Problem details
Could you output each line below precisely as it stands, without the images?

Data below
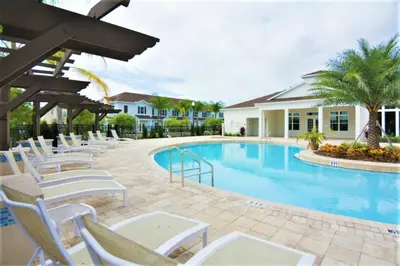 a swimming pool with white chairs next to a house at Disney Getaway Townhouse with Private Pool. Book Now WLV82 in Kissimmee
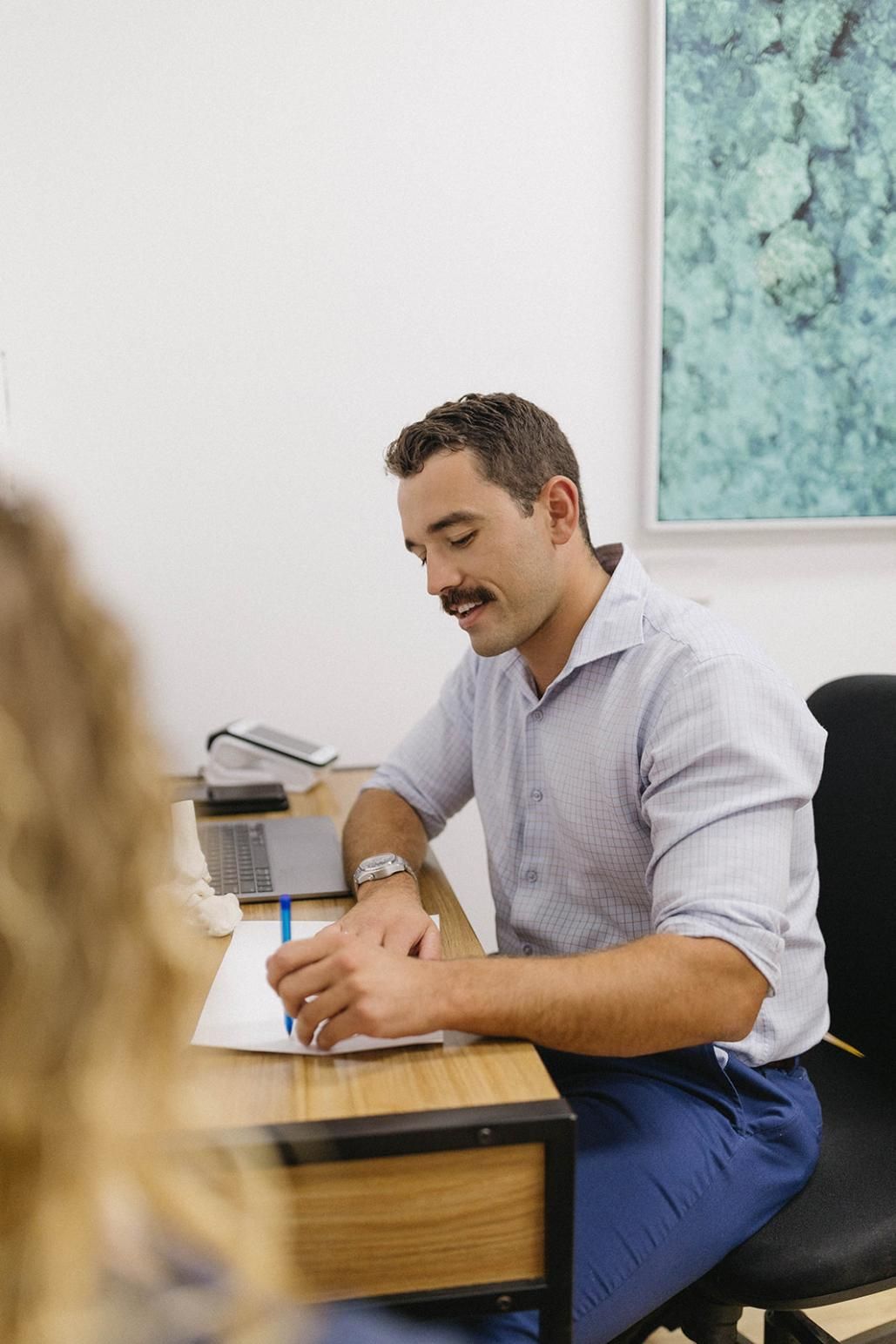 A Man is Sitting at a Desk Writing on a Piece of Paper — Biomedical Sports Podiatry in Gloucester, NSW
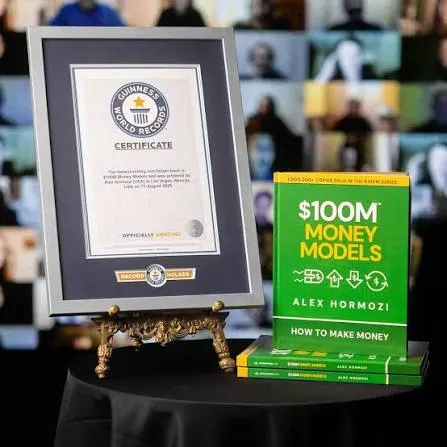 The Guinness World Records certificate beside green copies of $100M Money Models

Exercise solution
 a swimming pool with white chairs next to a house at Disney Getaway Townhouse with Private Pool. Book Now WLV82 in Kissimmee
 A Man is Sitting at a Desk Writing on a Piece of Paper — Biomedical Sports Podiatry in Gloucester, NSW
 The Guinness World Records certificate beside green copies of $100M Money Models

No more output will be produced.